_DESCRIPTION OF THE TASK_
Find the line with "Holiday cutting room" in the records below. Copy it and every line after it, up to and including the line with "Thùng 48 hộp".

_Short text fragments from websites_

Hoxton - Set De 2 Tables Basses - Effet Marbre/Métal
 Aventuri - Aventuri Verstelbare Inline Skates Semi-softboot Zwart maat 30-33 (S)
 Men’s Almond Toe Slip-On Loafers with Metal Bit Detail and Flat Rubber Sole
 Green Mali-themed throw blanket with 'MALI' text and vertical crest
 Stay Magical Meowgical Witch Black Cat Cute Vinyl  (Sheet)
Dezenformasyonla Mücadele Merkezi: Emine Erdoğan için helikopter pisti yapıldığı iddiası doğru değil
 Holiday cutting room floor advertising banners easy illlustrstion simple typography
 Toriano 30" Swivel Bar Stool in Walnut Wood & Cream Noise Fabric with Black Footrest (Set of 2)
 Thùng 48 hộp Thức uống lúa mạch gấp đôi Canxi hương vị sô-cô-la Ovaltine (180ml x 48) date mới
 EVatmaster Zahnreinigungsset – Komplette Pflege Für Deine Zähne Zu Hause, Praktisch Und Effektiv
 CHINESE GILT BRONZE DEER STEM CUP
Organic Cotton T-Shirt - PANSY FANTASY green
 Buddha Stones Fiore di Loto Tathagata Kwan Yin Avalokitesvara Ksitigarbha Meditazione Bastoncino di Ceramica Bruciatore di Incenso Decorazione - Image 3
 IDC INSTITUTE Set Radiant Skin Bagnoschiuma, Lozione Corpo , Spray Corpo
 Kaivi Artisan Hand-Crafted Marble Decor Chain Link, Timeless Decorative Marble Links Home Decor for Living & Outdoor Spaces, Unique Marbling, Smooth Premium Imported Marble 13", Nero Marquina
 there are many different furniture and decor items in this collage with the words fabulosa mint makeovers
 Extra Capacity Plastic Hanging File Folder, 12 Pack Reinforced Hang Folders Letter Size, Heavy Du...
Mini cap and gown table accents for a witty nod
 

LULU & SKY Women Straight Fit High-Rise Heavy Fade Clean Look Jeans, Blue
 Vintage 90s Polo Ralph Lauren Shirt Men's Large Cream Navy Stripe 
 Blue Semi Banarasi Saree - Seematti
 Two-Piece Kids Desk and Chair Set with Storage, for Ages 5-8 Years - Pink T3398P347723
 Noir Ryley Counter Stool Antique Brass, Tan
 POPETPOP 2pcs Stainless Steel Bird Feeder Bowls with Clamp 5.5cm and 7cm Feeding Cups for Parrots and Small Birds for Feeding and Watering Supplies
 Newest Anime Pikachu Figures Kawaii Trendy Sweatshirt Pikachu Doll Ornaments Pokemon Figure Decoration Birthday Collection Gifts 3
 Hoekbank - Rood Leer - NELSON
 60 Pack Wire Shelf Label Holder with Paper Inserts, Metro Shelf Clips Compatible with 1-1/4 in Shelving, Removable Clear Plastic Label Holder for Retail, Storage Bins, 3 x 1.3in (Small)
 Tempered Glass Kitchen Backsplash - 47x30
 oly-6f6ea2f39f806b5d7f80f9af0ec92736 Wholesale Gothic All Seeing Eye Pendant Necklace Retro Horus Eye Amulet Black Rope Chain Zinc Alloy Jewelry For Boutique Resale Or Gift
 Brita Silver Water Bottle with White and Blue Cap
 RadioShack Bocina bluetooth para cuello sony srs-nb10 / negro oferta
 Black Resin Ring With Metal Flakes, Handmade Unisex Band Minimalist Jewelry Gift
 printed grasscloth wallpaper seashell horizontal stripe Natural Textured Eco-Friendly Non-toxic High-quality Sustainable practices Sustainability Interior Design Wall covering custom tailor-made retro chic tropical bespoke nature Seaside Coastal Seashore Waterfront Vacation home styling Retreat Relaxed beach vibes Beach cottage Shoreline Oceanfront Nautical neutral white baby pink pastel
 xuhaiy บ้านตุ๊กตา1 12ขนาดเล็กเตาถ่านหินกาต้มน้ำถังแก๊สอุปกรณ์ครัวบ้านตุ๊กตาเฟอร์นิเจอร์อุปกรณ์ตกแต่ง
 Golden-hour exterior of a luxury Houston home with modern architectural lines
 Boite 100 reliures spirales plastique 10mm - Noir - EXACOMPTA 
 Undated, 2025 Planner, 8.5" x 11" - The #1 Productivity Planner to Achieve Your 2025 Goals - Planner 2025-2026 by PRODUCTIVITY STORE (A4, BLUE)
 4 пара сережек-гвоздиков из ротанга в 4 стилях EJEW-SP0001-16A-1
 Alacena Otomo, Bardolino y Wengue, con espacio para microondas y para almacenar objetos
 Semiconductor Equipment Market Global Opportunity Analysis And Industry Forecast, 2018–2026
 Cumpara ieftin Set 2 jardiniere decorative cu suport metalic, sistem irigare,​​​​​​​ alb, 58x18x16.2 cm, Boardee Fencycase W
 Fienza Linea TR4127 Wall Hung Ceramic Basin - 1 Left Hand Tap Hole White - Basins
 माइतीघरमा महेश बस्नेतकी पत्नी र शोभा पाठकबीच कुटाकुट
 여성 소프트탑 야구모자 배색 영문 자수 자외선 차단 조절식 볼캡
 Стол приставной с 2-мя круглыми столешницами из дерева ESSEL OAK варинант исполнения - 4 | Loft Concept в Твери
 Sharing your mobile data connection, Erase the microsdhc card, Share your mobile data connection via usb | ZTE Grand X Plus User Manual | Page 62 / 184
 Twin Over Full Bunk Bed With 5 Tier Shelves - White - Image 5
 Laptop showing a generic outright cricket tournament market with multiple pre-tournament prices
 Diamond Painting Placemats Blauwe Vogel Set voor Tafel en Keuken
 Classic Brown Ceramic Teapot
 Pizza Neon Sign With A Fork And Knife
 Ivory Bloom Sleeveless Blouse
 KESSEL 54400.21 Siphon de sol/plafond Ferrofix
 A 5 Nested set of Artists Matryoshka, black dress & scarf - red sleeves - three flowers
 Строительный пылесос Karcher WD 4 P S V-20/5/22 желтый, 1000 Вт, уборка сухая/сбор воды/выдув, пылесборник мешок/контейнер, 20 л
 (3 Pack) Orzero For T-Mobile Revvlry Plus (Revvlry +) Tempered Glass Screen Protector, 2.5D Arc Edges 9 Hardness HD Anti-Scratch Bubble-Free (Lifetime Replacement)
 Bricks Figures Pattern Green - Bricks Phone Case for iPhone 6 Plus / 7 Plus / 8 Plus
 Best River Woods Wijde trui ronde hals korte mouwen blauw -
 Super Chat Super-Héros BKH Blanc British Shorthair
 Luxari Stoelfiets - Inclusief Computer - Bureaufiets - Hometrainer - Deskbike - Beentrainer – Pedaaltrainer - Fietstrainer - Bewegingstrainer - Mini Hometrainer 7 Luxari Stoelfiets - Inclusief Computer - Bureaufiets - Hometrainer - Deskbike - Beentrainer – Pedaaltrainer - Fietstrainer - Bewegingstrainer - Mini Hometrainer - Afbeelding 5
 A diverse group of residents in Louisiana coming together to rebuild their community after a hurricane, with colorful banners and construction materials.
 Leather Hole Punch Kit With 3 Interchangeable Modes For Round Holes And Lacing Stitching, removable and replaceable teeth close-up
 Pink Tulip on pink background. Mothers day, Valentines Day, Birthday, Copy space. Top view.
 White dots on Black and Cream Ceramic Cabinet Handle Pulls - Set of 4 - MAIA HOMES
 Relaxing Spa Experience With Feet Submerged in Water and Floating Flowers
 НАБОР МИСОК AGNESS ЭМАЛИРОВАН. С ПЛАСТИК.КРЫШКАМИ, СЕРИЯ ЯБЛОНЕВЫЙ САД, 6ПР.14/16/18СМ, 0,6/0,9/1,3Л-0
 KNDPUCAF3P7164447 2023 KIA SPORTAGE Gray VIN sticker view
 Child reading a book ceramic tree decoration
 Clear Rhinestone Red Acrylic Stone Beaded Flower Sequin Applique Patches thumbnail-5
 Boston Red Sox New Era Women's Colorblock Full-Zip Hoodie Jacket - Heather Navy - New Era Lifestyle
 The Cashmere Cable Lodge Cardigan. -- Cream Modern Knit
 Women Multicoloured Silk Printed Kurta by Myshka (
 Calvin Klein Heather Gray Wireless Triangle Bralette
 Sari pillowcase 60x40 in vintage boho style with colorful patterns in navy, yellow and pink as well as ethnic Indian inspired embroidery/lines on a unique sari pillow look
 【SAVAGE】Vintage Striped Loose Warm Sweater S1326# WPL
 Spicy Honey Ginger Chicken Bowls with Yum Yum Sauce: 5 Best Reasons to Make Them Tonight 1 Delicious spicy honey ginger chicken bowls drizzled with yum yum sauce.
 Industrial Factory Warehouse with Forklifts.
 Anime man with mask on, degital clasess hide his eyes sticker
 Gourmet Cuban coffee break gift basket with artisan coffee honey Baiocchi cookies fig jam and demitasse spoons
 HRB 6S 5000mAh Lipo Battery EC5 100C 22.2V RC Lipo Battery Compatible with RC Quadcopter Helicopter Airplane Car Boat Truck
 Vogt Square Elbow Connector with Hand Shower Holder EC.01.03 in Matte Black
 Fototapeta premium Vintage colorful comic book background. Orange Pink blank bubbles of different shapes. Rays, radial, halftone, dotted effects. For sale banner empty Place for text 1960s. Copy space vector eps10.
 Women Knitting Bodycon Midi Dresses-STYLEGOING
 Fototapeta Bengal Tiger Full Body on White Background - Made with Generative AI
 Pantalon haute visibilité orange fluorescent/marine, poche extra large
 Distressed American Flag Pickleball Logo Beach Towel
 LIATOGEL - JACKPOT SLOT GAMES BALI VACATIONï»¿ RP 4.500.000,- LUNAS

_TASK RESPONSE_
 Holiday cutting room floor advertising banners easy illlustrstion simple typography
 Toriano 30" Swivel Bar Stool in Walnut Wood & Cream Noise Fabric with Black Footrest (Set of 2)
 Thùng 48 hộp Thức uống lúa mạch gấp đôi Canxi hương vị sô-cô-la Ovaltine (180ml x 48) date mới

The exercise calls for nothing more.